I’m sorry for your loss. I am Irish as well and hold onto my mourning for years. It keeps them close to me
Thank you for all your sleuthing and all the hard work you put into giving us back a part of Omaha’s history. I grew up on a farm at 110th & center where Rockbrook School now is. On 112th & Center was the Dutch Mill Oil Company, a service station, garage, and motel. It was the forerunner of the Ginn Oil Company. I went to Oakdale School when it was a three-room schoolhouse. I remember them putting in the gas pipeline that runs from the interstate across Center (about 100th to 101st), then down the hill, and eventually crossed over the Papio Creek. I think at some time it was changed to under the creek. I remember the flood of 1962 or 3 when 90 & Center and 108th & center were underwater. The Sunset Valley Golf Club at 92nd & Arbor was just a field then but completely underwater. So many fond memories,
Leo Daly lived on the NW corner of 96th & W. Dodge. It was a beautiful property but someone tore down the house and the property is now vacant. That might be an interesting story for you sometime.
As a retired long time employee of Leo A. Daly, I also would be interested in any stories about his property.
Congrats on seven years – you’ve touched a lot of people and jostled their happy memories to the fore front. I know you’ve jostled mine. I still remember riding the last of the trollie cars in Omaha. I remember the football stadium on Creighton university campus. All of the old Queen Anne houses around town have left a lasting impression on me. These things buried deep in memory, come alive again every time you offer a posting Here’s hoping you find the elusive spark to re-ignite your strong and innate desire to search for the untold stories, and the stories behind the stories.
Thank you for your dedication to Omaha’s history. Happy anniversary!

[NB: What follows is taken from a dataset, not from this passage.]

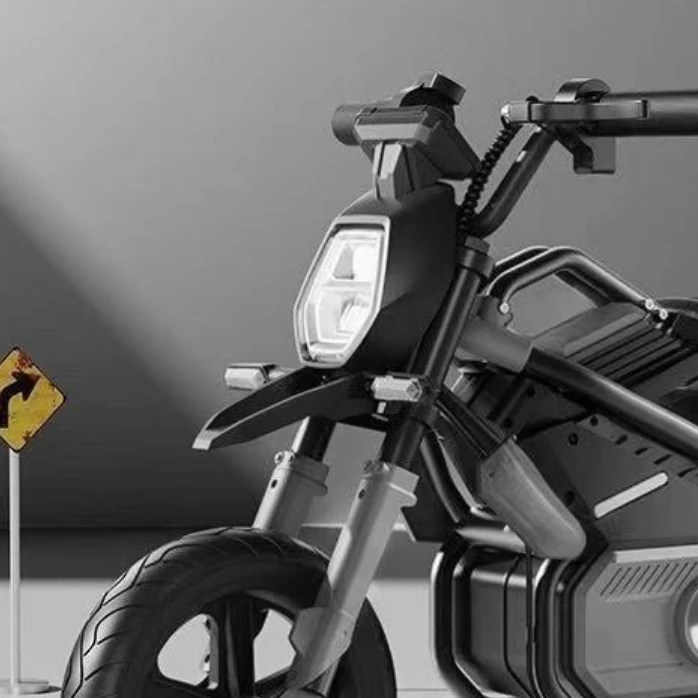 （出行必备）2025年全新未使用新款代步车车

Miss Cassette….Have you liked the Facebook Group “Omaha Nostalgia Project” ? If not, it has a lot on interesting pictures of Omaha history through the years.
Happy 7 years, and a tremendous Thank You!! I’ve looked forward to and read each and every story over these years. So greatly appreciated. ????
Happy Anniversary. I look forward and love each and every one of your articles. Thank you for what you do so well.